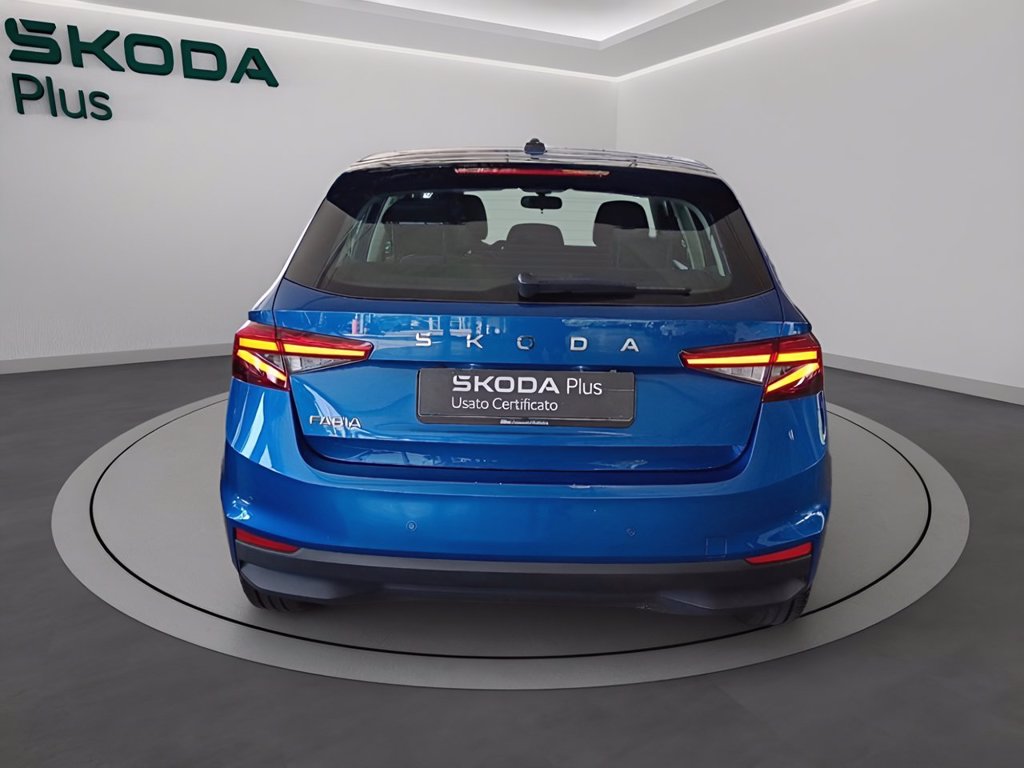 https://cdn-sm.caraffinity.it/images/vehicles/4769584/4/large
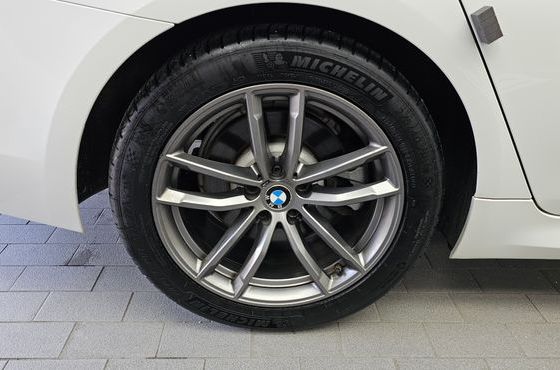 BMW 5-Series 520d xDrive M Sport Package Plus — пробег 97 930 км — фото 5 из 5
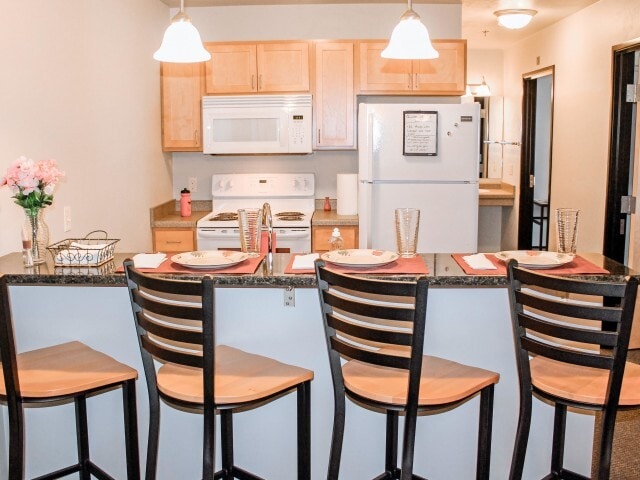 Encimera de habitación modelo - Fox Village Apartments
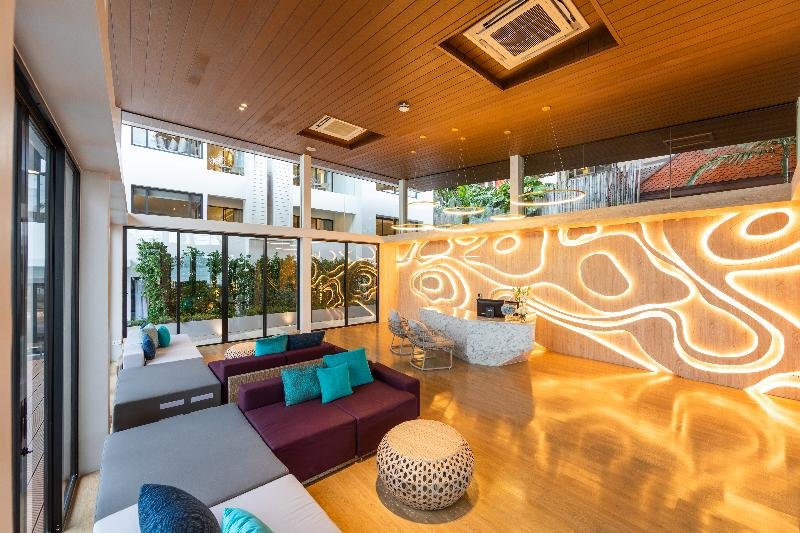 Фото Liv Hotel Phuket Patong Beachfront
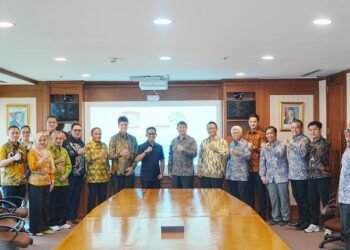 Pemkot Balikpapan dan PT Arsari Tirta Pradana resmi menjalin kemitraan strategis dalam proyek penyediaan air bersih. (Dok. ARH/Diskominfo)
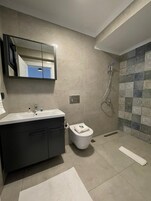 Chuveiro, chuveiro com efeito de chuva, secador de cabelo 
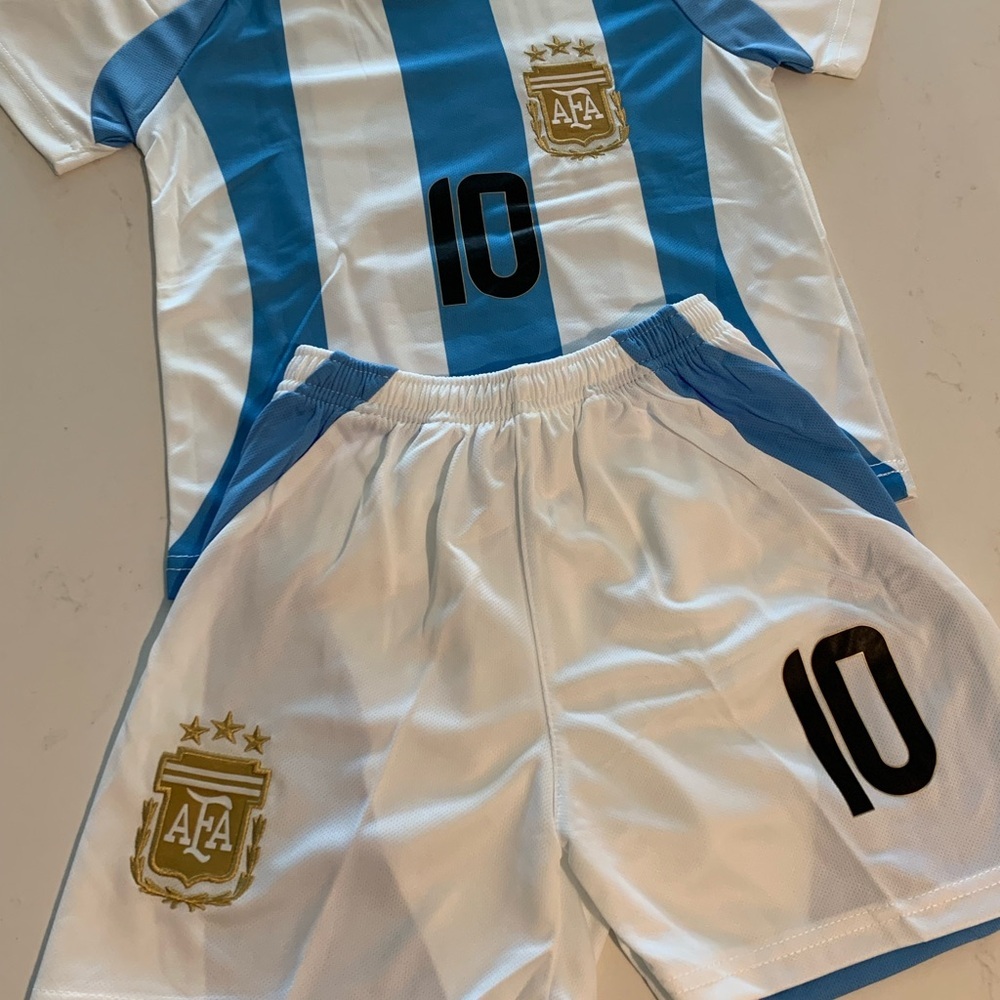 Toddler 4-5T Toddler Messi Argentina 10 Kids Jersey Kit Size 20. - Ships Today - Picture 8 of 9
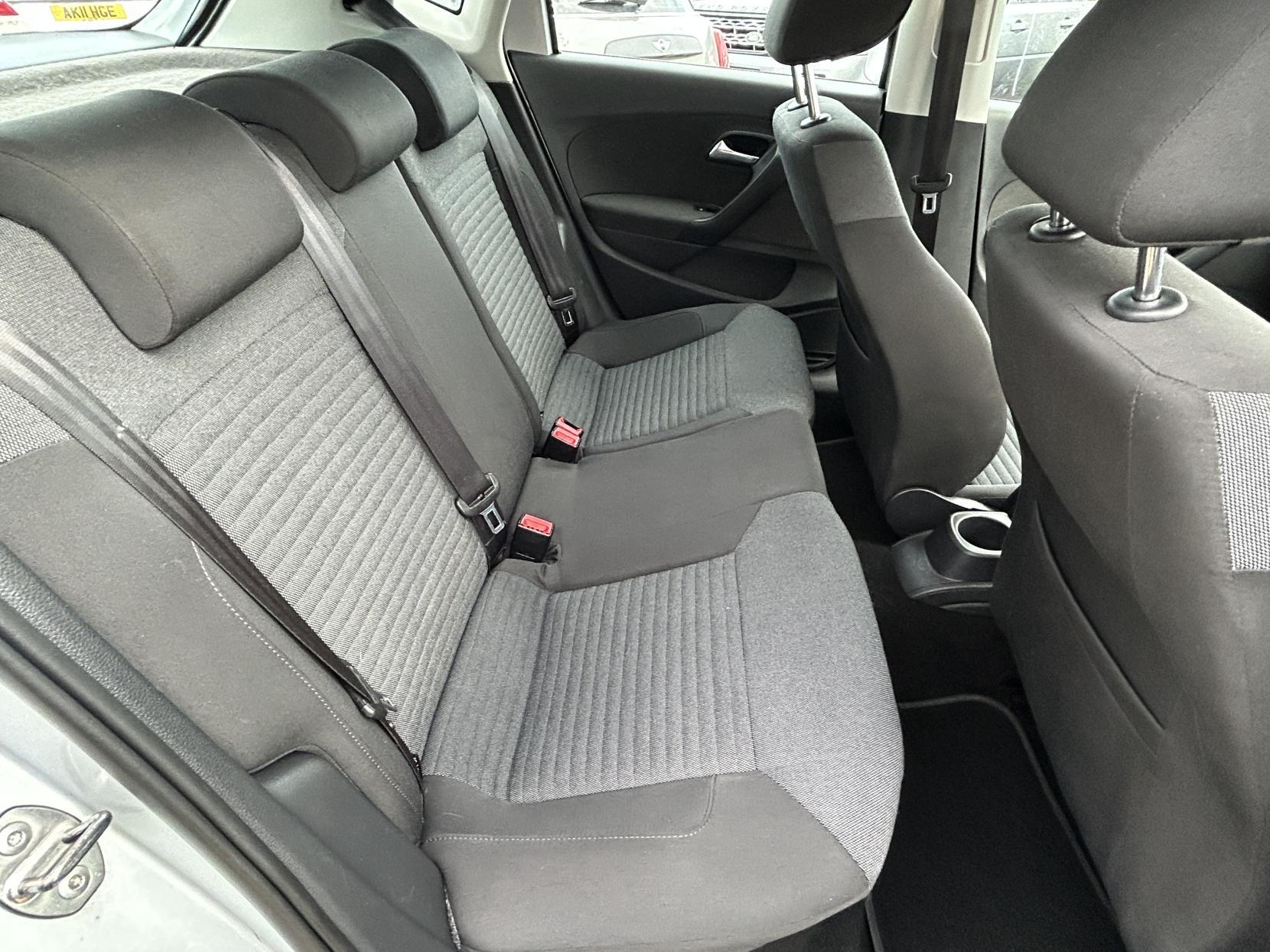 Volkswagen Polo 1.4 SE Hatchback 5dr Petrol Manual Euro 5 (85 ps)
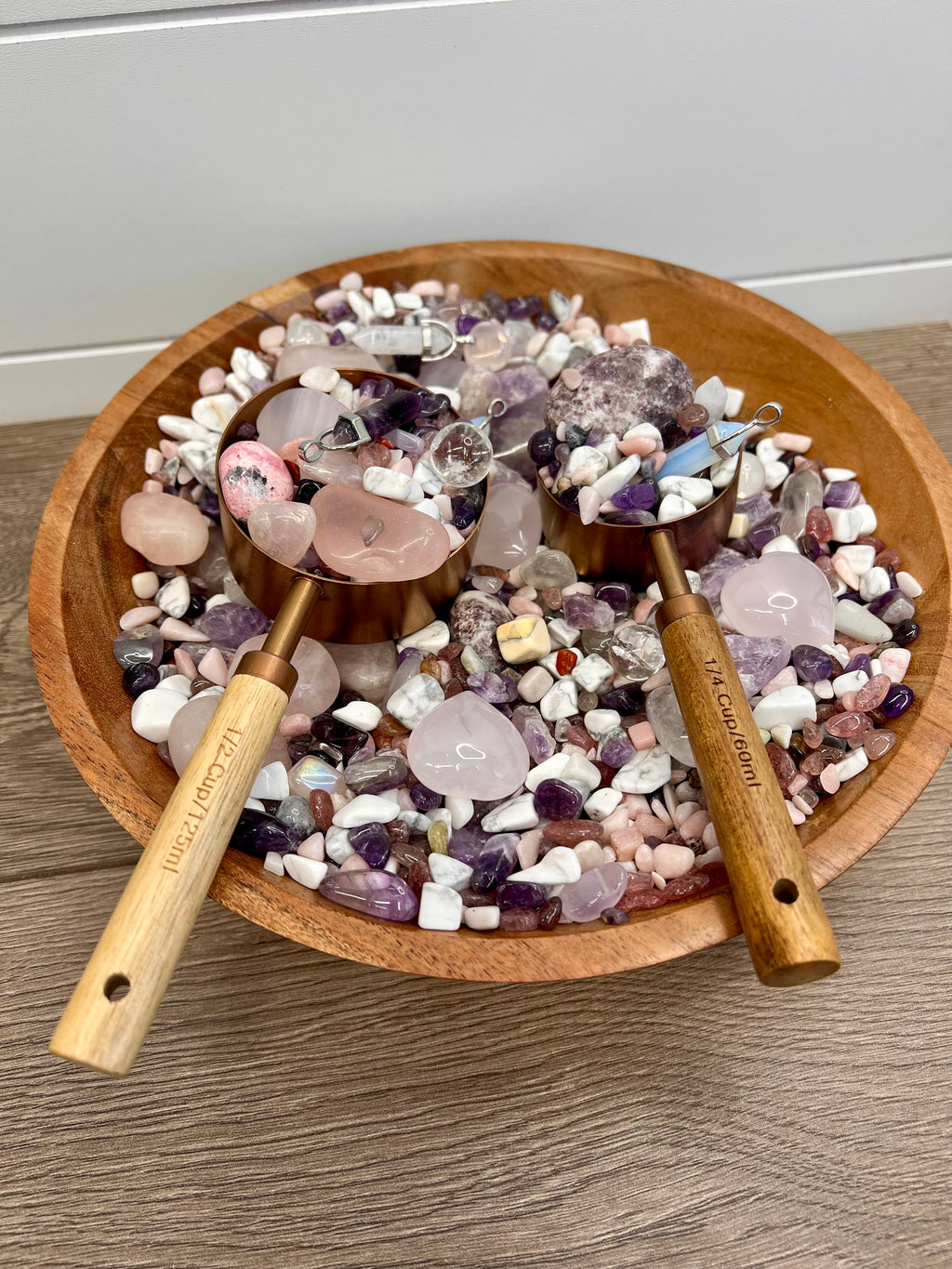 Crystal Love Confetti -10/16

### Exercise goal
Excluding all pictures, reproduce the records exactly as they appear above.

### Task answer
 https://cdn-sm.caraffinity.it/images/vehicles/4769584/4/large
 BMW 5-Series 520d xDrive M Sport Package Plus — пробег 97 930 км — фото 5 из 5
 Encimera de habitación modelo - Fox Village Apartments
 Фото Liv Hotel Phuket Patong Beachfront
 Pemkot Balikpapan dan PT Arsari Tirta Pradana resmi menjalin kemitraan strategis dalam proyek penyediaan air bersih. (Dok. ARH/Diskominfo)
 Chuveiro, chuveiro com efeito de chuva, secador de cabelo 
 Toddler 4-5T Toddler Messi Argentina 10 Kids Jersey Kit Size 20. - Ships Today - Picture 8 of 9
 Volkswagen Polo 1.4 SE Hatchback 5dr Petrol Manual Euro 5 (85 ps)
 Crystal Love Confetti -10/16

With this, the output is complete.